Once upon a time, a lonely, socially awkward latch key kid started going to the library after school and she got swept away into Chinese dynsasties, golden Egyptian pyramids, a long smooth table next to rows and rows of neatly lined encyclopedias and the best librarian in the world, Mrs. Dudas.
In the library, I was afforded an escape route from the complicated chaos know as my childhood. There in the temperature controlled, quiet, I could collect my thoughts and then travel far, far away. Mrs. Dudas treated me with great dignity, diligently filing my endless requests for books from the other larger branches in our county library system.
When I went to high school, I upgraded to the school and that larger town's library and left my tiny home town library behind. Today, I pay for the privelege to use one of the larger fancy neighboring town's library and the county system. Our town doesn't participate in the county system and it doesn't seem so big and exciting since I'm not in high school anymore.
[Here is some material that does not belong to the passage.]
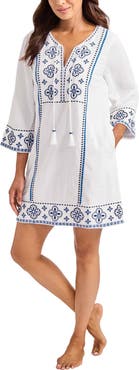 Tommy Bahama Bella Breeze Embroidered Cover-Up Tunic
I try to get to the library once a week. Sometimes I have a specific topic or author in mind, tonight I was looking for Indian cookbooks to research ideas for a dinner party I'm catering in a few weeks. Most times, I just walk in and empty my mind, just like when I was a kid. I especially like to look at the racks of books other people have just returned and are waiting to be shelved. I'll often select something unexpected from those racks like a biography on Emily Dickinson that I read a few weeks ago. I wonder which books get read the most and which ones the least. Which hidden gems are there to find? Like the Shirley Jackson short stories I read over the summer.
I'm not sure why the library has this power over me, to stop me from thinking about my problems and unbelievably long to-do lists.
I'm definitely grateful it does though. I just wish Mrs. Dudas was still here to be my trusty librarian.